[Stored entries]

::::::::

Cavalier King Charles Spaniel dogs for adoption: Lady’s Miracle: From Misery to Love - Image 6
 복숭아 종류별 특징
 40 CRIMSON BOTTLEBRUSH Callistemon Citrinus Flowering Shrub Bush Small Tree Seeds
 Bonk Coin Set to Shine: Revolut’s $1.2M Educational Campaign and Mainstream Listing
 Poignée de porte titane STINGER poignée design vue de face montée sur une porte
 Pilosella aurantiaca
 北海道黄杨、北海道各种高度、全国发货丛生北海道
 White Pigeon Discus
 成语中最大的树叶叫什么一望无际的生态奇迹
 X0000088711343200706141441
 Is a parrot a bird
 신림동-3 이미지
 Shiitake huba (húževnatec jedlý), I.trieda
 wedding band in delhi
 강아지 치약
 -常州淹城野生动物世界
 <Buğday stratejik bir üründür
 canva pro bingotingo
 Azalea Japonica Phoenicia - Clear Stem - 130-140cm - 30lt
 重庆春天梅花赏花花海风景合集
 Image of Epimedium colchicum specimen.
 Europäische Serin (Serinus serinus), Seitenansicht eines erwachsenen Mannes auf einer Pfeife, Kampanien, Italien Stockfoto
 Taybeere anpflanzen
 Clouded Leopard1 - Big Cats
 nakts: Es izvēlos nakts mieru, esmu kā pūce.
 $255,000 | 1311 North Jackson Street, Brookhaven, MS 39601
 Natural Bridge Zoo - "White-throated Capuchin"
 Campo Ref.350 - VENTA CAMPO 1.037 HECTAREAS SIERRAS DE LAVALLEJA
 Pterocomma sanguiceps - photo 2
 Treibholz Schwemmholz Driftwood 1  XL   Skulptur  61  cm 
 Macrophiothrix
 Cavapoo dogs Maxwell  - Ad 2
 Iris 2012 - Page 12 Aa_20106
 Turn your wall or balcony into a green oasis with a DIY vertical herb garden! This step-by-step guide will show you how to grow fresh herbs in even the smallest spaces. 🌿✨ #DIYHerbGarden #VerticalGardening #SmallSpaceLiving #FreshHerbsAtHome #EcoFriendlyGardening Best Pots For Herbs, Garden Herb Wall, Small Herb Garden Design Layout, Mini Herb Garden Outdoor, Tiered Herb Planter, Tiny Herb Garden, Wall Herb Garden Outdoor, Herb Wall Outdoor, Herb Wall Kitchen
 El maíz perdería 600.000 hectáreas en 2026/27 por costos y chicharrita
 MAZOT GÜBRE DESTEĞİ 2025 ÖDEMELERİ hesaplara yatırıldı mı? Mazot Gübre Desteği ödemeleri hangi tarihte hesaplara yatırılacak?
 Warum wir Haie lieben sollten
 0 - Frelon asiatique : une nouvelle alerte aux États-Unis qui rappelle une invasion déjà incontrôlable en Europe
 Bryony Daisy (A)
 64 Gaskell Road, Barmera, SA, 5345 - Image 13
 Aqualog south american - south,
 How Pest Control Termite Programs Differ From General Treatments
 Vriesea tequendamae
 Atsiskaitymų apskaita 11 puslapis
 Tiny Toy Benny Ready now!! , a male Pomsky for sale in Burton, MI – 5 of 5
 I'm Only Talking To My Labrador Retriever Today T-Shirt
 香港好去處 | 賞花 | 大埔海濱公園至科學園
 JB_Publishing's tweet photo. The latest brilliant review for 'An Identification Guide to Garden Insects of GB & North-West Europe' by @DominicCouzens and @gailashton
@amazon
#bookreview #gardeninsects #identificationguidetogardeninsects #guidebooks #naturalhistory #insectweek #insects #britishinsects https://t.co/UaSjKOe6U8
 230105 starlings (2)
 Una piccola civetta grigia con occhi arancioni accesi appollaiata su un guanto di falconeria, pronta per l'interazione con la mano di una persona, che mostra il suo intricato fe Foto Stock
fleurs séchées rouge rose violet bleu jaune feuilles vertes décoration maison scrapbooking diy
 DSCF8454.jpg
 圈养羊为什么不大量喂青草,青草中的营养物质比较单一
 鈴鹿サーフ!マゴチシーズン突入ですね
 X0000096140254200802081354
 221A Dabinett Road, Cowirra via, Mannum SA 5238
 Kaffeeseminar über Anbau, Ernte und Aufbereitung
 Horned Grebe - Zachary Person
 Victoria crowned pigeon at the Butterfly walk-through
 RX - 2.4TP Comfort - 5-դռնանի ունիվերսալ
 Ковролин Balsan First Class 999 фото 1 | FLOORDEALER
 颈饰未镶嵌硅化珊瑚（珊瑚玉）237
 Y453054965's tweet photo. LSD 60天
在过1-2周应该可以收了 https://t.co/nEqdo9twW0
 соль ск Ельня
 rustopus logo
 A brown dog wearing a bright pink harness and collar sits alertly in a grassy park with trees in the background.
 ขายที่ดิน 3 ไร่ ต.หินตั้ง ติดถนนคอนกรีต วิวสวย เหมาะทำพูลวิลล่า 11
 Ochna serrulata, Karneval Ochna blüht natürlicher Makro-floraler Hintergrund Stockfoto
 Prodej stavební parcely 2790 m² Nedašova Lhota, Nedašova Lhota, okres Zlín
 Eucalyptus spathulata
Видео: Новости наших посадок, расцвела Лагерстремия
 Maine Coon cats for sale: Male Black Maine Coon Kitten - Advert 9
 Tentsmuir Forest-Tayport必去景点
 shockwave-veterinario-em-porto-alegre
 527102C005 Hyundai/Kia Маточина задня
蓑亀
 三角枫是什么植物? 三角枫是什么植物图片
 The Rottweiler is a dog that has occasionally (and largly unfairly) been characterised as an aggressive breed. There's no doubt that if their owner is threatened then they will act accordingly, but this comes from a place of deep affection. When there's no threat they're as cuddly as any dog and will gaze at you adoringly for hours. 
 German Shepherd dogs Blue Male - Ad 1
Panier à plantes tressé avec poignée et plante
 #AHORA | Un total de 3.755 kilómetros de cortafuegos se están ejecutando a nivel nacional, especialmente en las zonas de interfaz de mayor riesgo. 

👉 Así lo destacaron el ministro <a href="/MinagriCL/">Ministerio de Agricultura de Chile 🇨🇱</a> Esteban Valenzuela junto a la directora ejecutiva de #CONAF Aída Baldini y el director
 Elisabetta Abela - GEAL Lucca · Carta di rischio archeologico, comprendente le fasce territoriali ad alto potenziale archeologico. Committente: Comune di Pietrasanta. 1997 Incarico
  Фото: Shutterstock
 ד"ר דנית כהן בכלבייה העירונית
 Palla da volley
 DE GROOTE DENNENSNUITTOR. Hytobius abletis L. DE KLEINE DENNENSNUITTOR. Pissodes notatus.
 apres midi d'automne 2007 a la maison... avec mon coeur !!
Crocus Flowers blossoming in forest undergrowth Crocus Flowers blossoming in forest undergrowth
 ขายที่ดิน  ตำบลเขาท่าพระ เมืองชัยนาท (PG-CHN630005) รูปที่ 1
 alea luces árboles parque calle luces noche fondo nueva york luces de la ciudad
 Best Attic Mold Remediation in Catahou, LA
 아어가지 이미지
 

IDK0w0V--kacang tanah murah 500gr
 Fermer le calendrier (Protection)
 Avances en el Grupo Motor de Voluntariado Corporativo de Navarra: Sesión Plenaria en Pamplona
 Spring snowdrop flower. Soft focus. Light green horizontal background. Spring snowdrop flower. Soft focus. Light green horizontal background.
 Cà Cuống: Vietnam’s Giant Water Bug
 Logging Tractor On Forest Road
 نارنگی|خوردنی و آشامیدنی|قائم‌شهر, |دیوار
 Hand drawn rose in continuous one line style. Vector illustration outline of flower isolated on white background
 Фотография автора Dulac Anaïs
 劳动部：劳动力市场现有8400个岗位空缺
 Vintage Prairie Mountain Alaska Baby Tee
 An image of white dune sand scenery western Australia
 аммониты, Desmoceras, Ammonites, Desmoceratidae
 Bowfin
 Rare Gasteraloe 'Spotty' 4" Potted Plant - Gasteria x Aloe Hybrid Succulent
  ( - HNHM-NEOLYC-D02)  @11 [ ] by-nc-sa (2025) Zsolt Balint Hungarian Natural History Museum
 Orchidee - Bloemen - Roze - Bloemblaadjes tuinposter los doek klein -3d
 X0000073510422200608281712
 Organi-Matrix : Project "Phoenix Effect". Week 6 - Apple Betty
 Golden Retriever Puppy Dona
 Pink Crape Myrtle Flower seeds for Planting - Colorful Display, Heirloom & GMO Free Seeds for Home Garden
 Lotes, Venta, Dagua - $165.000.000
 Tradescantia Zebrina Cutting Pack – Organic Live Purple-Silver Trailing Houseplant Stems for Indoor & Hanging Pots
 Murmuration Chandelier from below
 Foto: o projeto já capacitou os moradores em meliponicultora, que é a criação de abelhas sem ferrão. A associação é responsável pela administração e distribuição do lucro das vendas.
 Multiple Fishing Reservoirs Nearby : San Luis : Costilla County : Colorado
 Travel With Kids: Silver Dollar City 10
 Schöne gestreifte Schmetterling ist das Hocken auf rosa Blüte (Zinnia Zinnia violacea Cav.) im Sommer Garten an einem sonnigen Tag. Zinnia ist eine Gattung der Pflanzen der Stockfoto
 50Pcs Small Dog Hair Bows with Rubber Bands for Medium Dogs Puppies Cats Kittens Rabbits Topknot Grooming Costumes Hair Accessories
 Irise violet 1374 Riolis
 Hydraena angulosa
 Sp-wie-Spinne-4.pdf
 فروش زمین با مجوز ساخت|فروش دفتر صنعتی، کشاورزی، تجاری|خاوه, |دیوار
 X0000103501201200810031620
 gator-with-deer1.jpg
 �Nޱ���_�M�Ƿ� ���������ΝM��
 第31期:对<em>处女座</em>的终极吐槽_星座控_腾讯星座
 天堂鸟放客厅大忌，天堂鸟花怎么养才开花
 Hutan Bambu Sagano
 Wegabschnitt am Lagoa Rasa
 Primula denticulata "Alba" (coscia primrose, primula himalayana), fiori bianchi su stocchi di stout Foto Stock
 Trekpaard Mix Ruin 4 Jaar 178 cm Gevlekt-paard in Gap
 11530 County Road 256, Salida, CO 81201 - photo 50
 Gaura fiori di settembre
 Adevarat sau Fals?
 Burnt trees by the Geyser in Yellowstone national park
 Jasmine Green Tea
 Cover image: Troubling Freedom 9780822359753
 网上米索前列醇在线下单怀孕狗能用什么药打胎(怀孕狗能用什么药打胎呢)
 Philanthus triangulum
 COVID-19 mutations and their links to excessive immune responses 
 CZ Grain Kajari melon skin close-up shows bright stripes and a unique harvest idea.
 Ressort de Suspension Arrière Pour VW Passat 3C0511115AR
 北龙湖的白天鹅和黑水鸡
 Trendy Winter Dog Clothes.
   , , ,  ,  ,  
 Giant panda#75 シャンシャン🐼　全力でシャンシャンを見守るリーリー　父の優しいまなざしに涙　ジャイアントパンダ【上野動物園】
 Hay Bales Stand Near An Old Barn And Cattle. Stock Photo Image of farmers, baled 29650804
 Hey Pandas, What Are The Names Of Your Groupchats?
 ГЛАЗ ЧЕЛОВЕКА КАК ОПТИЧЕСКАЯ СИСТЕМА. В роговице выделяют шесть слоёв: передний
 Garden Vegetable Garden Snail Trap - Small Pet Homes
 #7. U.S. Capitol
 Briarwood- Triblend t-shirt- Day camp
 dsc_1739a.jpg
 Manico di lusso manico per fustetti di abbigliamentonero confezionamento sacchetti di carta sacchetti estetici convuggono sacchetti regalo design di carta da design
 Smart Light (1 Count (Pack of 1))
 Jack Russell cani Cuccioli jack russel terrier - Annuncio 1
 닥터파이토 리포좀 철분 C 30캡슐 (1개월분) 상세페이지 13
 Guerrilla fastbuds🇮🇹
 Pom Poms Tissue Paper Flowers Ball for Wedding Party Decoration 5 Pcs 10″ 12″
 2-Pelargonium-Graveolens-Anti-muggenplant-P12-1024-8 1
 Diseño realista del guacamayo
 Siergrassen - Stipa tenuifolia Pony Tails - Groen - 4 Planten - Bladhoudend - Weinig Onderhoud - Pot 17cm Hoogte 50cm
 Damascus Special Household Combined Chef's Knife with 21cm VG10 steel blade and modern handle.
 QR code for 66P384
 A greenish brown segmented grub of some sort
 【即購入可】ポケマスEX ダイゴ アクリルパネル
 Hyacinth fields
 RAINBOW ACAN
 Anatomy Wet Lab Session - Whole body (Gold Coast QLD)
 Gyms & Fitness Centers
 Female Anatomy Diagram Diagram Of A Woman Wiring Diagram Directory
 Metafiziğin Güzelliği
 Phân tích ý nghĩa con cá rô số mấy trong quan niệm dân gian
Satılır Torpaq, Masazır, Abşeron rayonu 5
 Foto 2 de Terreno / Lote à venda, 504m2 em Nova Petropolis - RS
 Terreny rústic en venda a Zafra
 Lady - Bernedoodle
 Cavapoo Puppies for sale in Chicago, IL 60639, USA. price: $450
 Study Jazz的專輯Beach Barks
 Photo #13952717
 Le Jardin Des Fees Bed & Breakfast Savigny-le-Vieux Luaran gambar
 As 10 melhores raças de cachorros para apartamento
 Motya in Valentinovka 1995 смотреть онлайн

::::::::

(What you will do): "Europe" is the word to look for; copy every line of the data that has it.

(Solution for this task):
 0 - Frelon asiatique : une nouvelle alerte aux États-Unis qui rappelle une invasion déjà incontrôlable en Europe
 JB_Publishing's tweet photo. The latest brilliant review for 'An Identification Guide to Garden Insects of GB & North-West Europe' by @DominicCouzens and @gailashton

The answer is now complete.